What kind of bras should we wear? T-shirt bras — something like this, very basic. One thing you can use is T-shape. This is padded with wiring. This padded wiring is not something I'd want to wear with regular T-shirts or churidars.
--
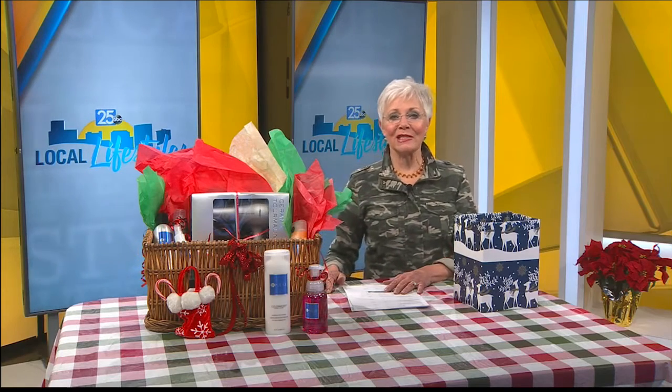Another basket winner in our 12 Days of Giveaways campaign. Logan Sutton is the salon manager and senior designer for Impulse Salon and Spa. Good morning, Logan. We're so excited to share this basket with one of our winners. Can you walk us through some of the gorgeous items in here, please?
* * *
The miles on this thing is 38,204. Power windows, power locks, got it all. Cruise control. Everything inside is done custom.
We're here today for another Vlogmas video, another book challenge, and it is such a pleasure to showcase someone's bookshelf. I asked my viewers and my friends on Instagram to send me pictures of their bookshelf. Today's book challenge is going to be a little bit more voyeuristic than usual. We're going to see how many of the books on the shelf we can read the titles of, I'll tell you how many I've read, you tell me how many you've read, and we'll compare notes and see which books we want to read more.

What you should do:
Search the data above for the string "thing". Report every line where it is found.

Exercise response:
What kind of bras should we wear? T-shirt bras — something like this, very basic. One thing you can use is T-shape. This is padded with wiring. This padded wiring is not something I'd want to wear with regular T-shirts or churidars.
The miles on this thing is 38,204. Power windows, power locks, got it all. Cruise control. Everything inside is done custom.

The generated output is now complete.